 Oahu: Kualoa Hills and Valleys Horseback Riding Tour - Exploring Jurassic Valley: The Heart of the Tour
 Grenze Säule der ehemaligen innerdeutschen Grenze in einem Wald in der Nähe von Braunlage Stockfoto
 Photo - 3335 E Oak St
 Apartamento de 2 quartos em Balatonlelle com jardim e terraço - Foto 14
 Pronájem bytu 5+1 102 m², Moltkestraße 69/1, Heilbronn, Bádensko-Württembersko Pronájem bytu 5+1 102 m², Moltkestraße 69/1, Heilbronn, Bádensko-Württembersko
______
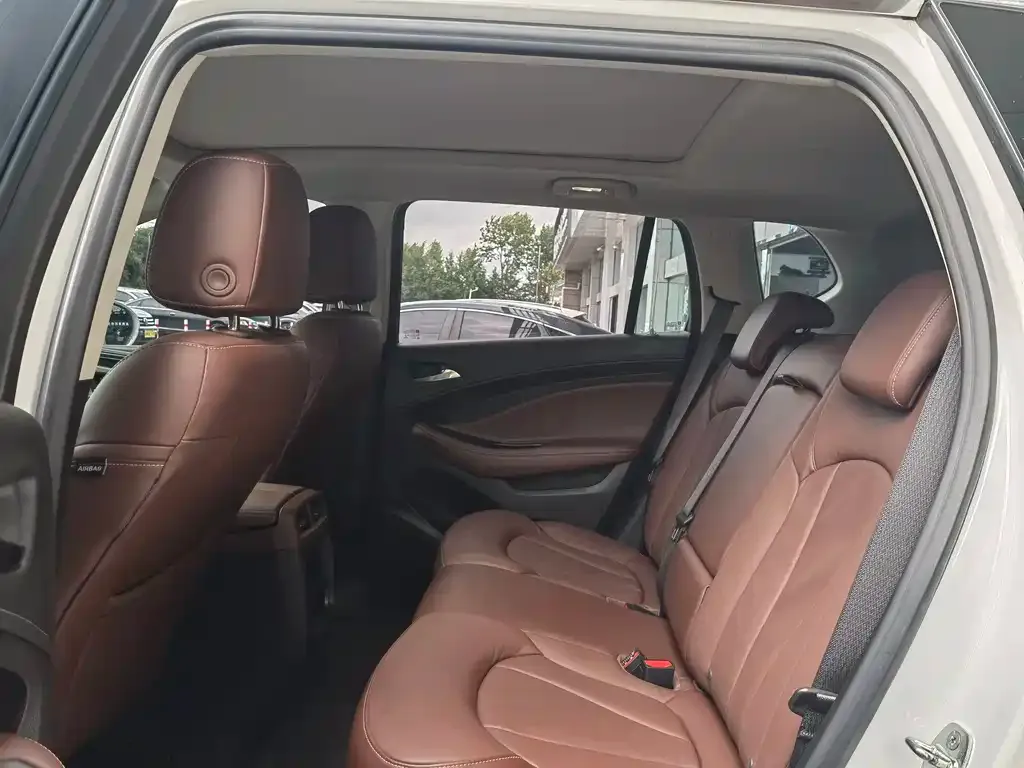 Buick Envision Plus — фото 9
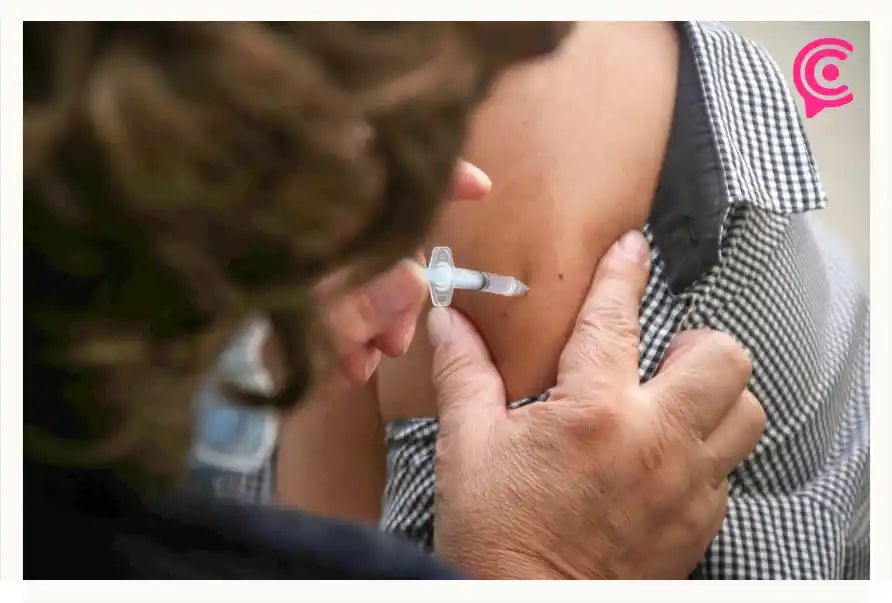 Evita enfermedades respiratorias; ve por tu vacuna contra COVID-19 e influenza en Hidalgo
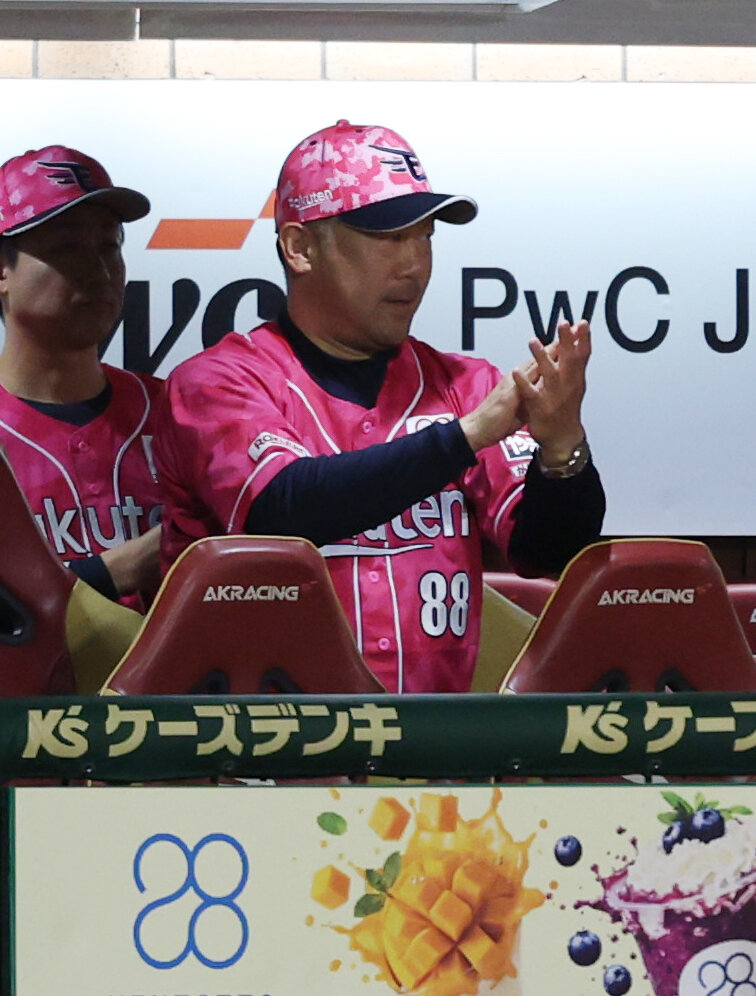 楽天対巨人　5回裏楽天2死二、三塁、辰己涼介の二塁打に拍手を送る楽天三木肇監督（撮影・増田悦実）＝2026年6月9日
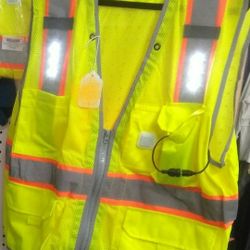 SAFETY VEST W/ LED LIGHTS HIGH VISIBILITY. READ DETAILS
______
AIM OF THE EXERCISE —
Reproduce only the lines above spanning from the line containing "Photo - 3335 E Oak St" through the line containing "Heilbronn, Bádensko-Württembersko Pronájem", word for word.

EXERCISE RESULT —
 Photo - 3335 E Oak St
 Apartamento de 2 quartos em Balatonlelle com jardim e terraço - Foto 14
 Pronájem bytu 5+1 102 m², Moltkestraße 69/1, Heilbronn, Bádensko-Württembersko Pronájem bytu 5+1 102 m², Moltkestraße 69/1, Heilbronn, Bádensko-Württembersko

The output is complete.